Juizados Especiais entram em foco entre 17 e 19 de novembro, quando a Paraíba sediará o 58º Fonaje — um fórum para discutir precedentes, inovação responsável e caminhos para tornar a justiça mais ágil. Quer entender o que pode mudar na prática? Siga com a leitura.
Datas e local: quando e onde será o 58º Fonaje
58º Fonaje acontece de 17 a 19 de novembro na Paraíba. O encontro reúne juízes, magistrados e operadores dos Juizados Especiais.
Local e organização
O Tribunal de Justiça da Paraíba coordena o evento com apoio do CNJ. A Esma/PB apoia a organização prática.
Programação resumida
Haverá sessão de abertura, painéis temáticos e votação de enunciados. Os debates vão focar precedentes e efetividade nos juizados.
Inscrições
As inscrições são realizadas pela Escola da Magistratura da Paraíba (Esma/PB). Verifique prazos e possíveis limites de vagas.
Público-alvo
O evento é voltado a magistrados, servidores, advogados e turmas recursais. Pesquisadores e estudantes também são bem-vindos.
Logística
Chegue cedo para credenciamento e confirme o local exato no programa oficial. Organize transporte e hospedagem com antecedência.
Votação de enunciados
A votação visa uniformizar procedimentos nos Juizados Especiais. Participe se você atua nas turmas recursais.
Material e acessos
Consulte o cronograma para obter documentos e links das sessões. Haverá materiais de apoio e indicações de leitura.

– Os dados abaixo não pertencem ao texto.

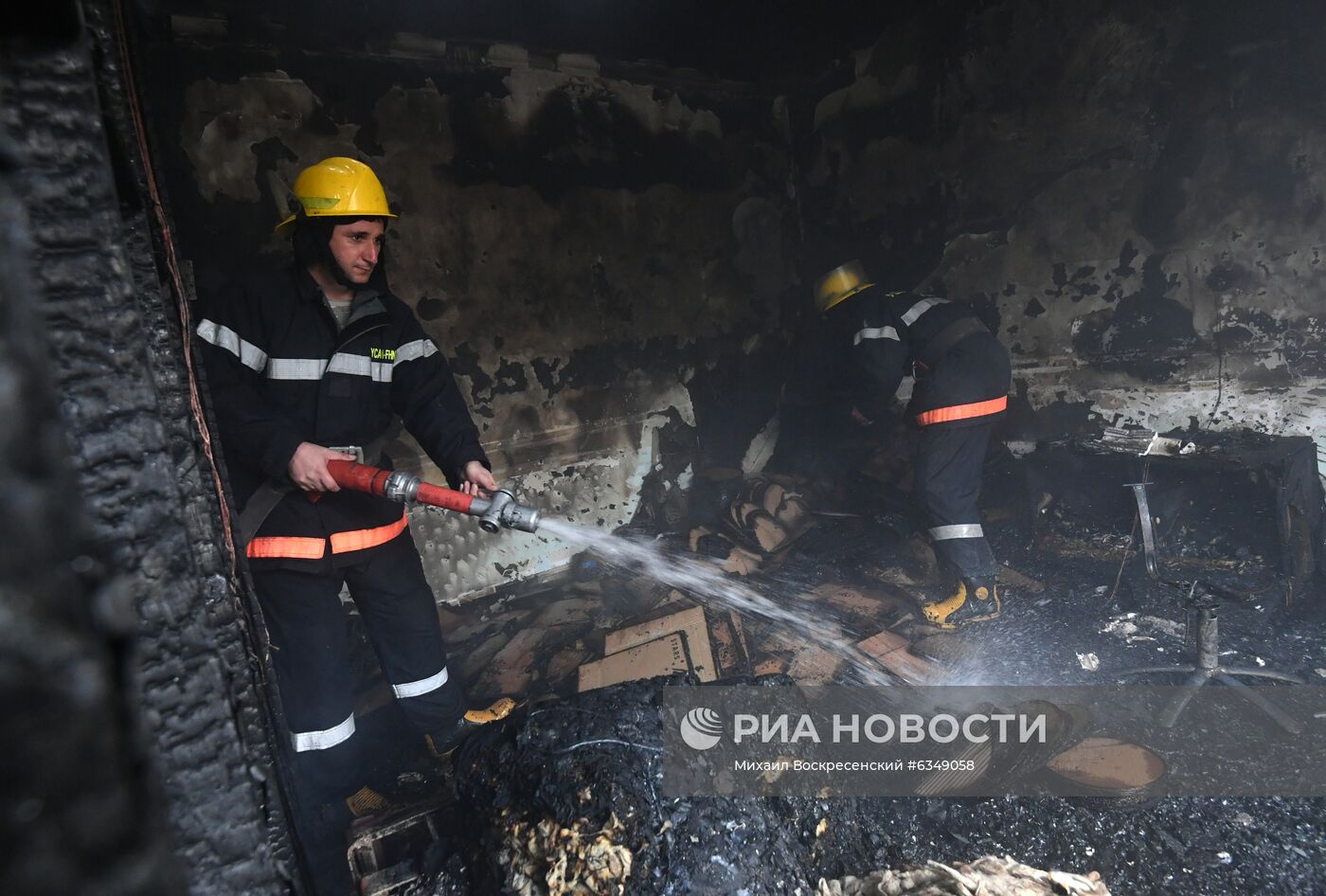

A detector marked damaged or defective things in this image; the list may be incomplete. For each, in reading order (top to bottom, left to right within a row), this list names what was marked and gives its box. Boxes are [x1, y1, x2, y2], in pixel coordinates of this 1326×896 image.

charred wall [132, 15, 796, 593]
charred wall [800, 0, 1326, 472]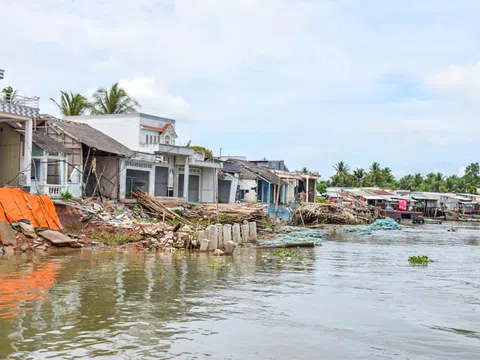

Participação presencial e híbrida
Verifique se haverá transmissão online para acompanhar à distância. Confirme valores e regras de acesso.
Benefícios da presença
O encontro facilita troca de práticas e atualização sobre precedentes. É uma chance de networking profissional.
Recomendações
Leve identificação e comprovante de inscrição no dia do evento. Mantenha-se atento às orientações da organização.
Contato e dúvidas
Busque informações pelo site da Esma/PB ou do Tribunal de Justiça da Paraíba. Use canais oficiais para confirmação.
Agenda prática
Marque na agenda: 17 a 19 de novembro. Consulte o programa para horários e salas.
Tema central: princípios orientadores e efetividade nos juizados especiais
Juizados Especiais buscam formas mais simples e rápidas de resolver conflitos do dia a dia.
Princípio da informalidade
A informalidade reduz formalismos que atrapalham quem não é advogado. Isso facilita o acesso e torna o processo menos intimidador.
Princípio da oralidade
A oralidade privilegia debates falados e provas apresentadas em audiência. Assim, os casos avançam com mais rapidez.
Celeridade processual
A celeridade exige decisões em prazos curtos e procedimentos enxutos. O objetivo é reduzir a demora para o cidadão.
Conciliação e acordo
A conciliação estimula acordos entre as partes antes de decisões longas. Muitos casos se resolvem sem necessidade de sentença final.
Economia processual
Economia processual evita atos desnecessários e reduz custos para todas as partes. Isso favorece soluções mais pragmáticas.
Precedentes e segurança jurídica
Precedente é uma decisão usada como referência em casos semelhantes. Ele traz previsibilidade e uniformidade nas decisões.
Inovação responsável
Inovação responsável adota novas práticas com avaliação e cuidado. Testes e diálogos ajudam a evitar efeitos negativos.
Escuta ativa
A escuta ativa envolve as partes e operadores para mapear problemas reais. Isso ajuda a adaptar práticas aos desafios locais.
Mapeamento de demandas abusivas
Mapear demandas abusivas identifica padrões que sobrecarregam o sistema. A medida evita desperdício de tempo e recursos.
Impacto na efetividade
Quando princípios são aplicados, o resultado é maior eficiência e acesso real à justiça. Cidadãos sentem a diferença no dia a dia.
Participação institucional
Órgãos como CNJ e tribunais locais apoiam a padronização e a troca de boas práticas. Eventos e fóruns ajudam nessa articulação.
O papel dos operadores
Magistrados, servidores e advogados precisam adotar práticas alinhadas aos princípios. Treinamento e diálogo são essenciais para isso.
Organização: Tribunal de Justiça da Paraíba (TJPB) com apoio institucional do CNJ
Tribunal de Justiça da Paraíba (TJPB) lidera a organização do 58º Fonaje com apoio do CNJ.
Coordenação local
O TJPB define local, datas, salas e equipes para o evento.
Papel do CNJ
O CNJ oferece apoio técnico, institucional e orientações sobre precedentes e políticas.
Articulação entre órgãos
Há coordenação entre tribunais, Esma/PB e comitês locais para alinhar ações.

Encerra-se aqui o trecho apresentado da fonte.